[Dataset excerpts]
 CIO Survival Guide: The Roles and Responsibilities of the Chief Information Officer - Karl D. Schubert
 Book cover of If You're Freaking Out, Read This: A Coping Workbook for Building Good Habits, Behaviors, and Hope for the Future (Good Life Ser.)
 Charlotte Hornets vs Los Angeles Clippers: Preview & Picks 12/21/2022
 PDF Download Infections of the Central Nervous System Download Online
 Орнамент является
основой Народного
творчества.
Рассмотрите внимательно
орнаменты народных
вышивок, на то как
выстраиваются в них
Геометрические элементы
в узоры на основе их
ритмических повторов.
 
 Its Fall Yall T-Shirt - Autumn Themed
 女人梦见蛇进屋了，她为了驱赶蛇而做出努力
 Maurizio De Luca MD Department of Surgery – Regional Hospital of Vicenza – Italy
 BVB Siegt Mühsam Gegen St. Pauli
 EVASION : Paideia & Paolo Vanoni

--

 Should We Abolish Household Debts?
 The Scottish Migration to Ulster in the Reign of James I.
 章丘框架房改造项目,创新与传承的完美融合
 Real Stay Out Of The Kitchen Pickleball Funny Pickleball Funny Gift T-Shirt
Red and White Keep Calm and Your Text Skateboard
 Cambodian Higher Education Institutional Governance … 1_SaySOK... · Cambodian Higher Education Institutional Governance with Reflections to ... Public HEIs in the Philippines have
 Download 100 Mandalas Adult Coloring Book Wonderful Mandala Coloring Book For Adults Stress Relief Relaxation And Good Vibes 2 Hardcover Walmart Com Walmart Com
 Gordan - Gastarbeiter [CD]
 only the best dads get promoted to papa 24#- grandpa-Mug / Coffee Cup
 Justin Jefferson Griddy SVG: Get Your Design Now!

» **Assignment**
Report how many lines in these entries contain "Book". Answer with the number only.

» **Result of the exercise**
2